▸ Task instructions
Write down the lines exactly as they appear, from the one that contains "Okay, stick around." through the final line of the records, so that both ends are kept and no pictures come along.

══ Data in this exercise

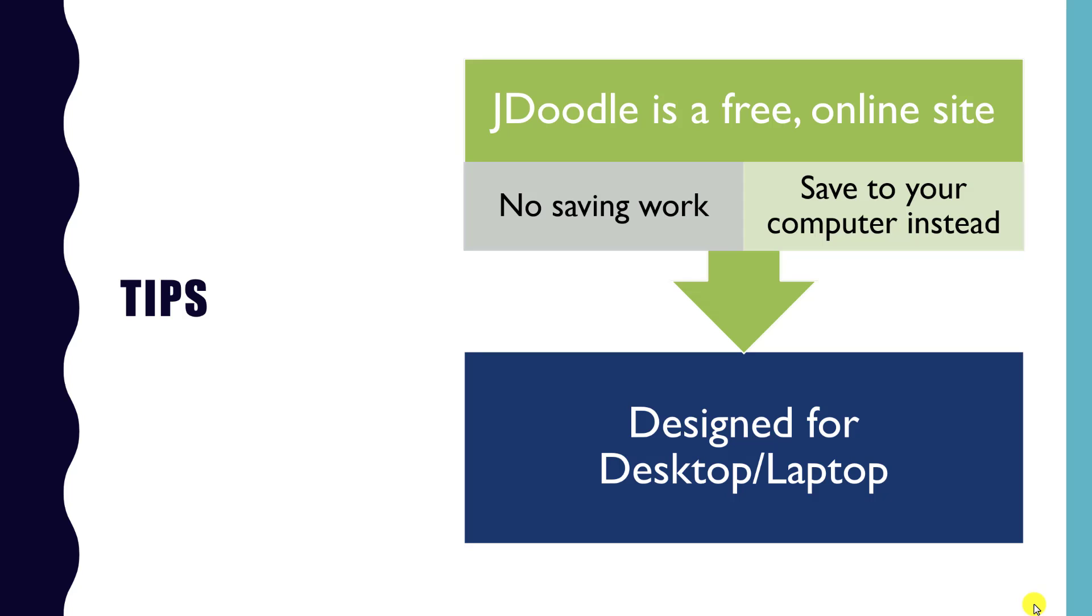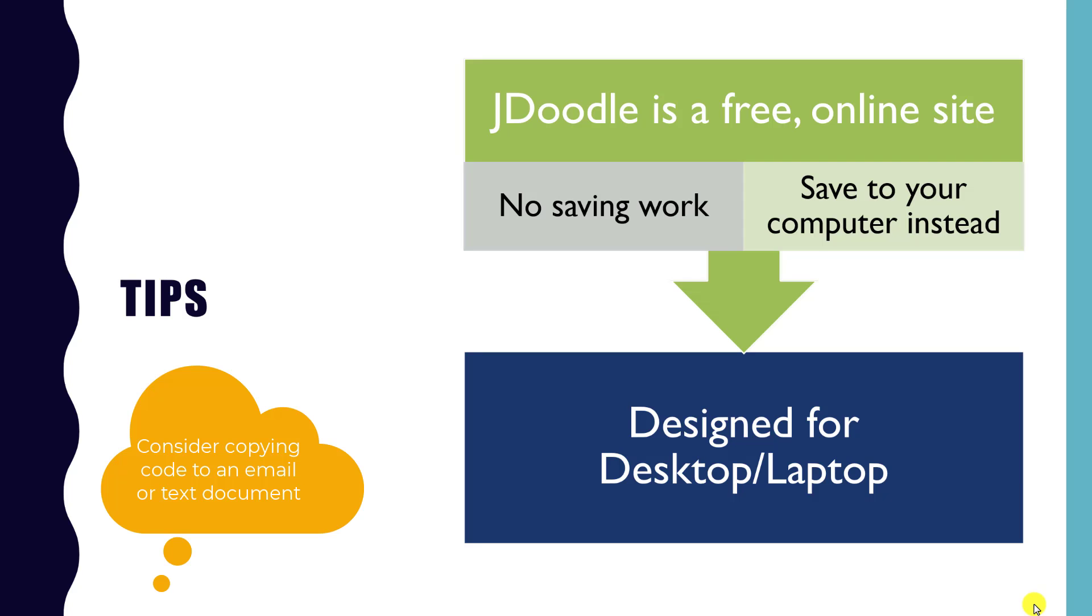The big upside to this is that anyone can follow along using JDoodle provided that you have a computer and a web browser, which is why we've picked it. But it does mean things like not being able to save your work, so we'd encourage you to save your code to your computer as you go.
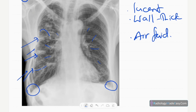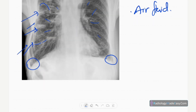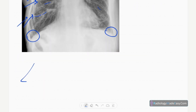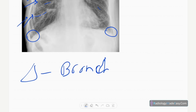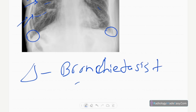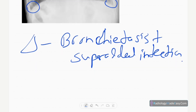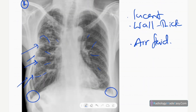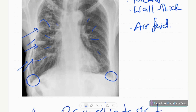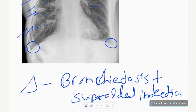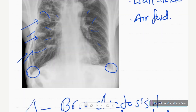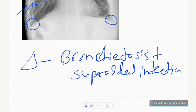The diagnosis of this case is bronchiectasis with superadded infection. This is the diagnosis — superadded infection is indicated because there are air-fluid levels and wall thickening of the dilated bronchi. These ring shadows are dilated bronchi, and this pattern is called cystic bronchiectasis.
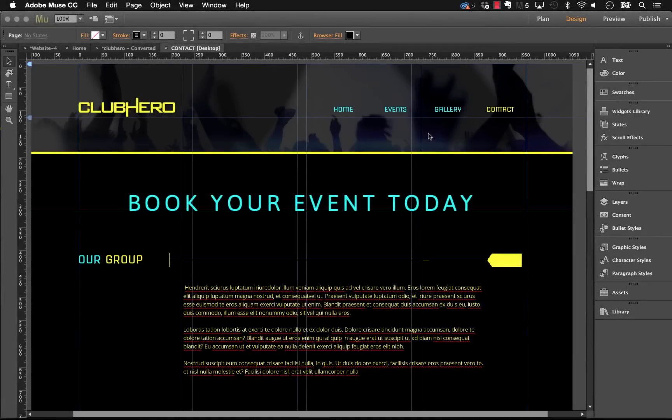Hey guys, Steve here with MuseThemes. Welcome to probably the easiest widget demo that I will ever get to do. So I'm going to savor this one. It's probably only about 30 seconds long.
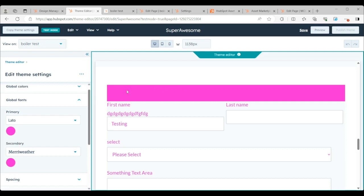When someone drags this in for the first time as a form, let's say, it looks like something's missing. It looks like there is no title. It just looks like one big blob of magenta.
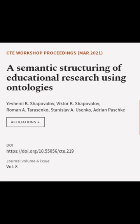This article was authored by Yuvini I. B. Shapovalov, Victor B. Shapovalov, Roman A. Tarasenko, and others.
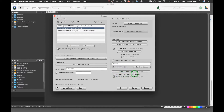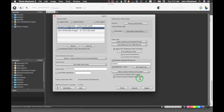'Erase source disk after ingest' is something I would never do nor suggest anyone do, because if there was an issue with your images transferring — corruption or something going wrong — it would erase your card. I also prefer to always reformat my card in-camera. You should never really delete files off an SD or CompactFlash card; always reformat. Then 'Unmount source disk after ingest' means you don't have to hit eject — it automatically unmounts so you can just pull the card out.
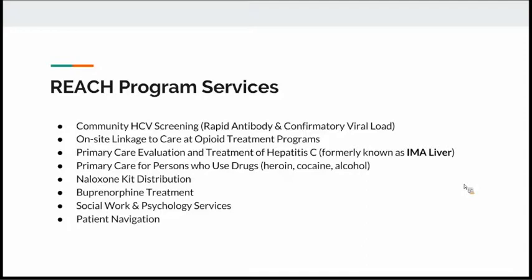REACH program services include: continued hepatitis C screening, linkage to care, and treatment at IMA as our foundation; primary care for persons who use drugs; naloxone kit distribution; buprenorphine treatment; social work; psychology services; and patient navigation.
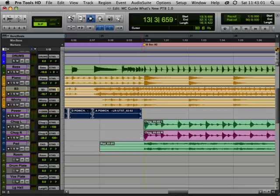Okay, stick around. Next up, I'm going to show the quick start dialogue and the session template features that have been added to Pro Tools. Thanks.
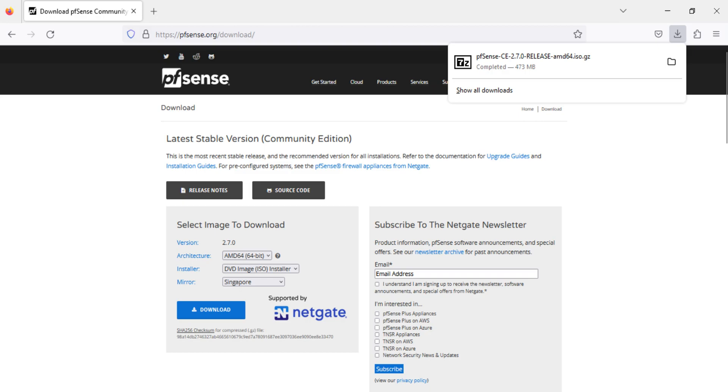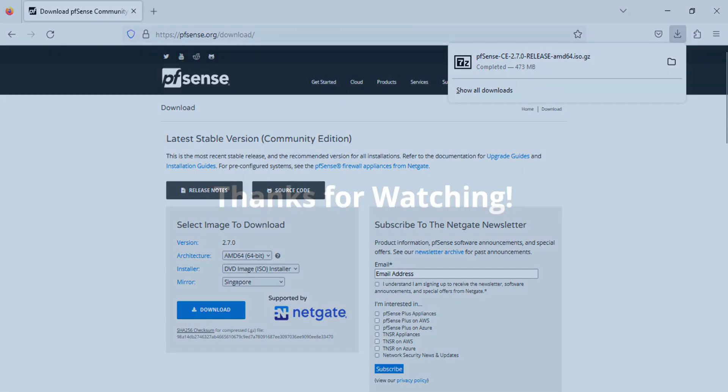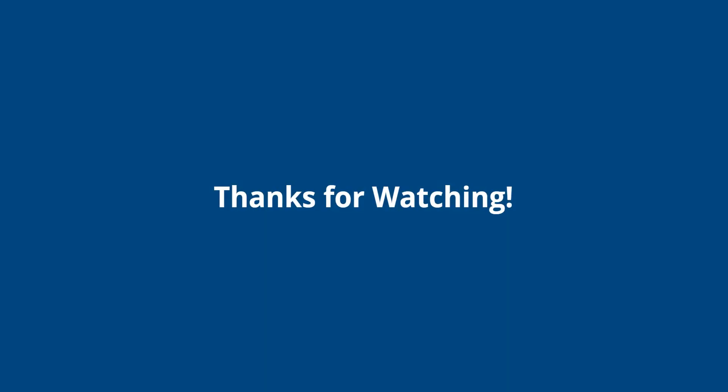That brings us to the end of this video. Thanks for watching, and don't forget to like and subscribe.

════

▸ The answer
Okay, stick around. Next up, I'm going to show the quick start dialogue and the session template features that have been added to Pro Tools. Thanks.
That brings us to the end of this video. Thanks for watching, and don't forget to like and subscribe.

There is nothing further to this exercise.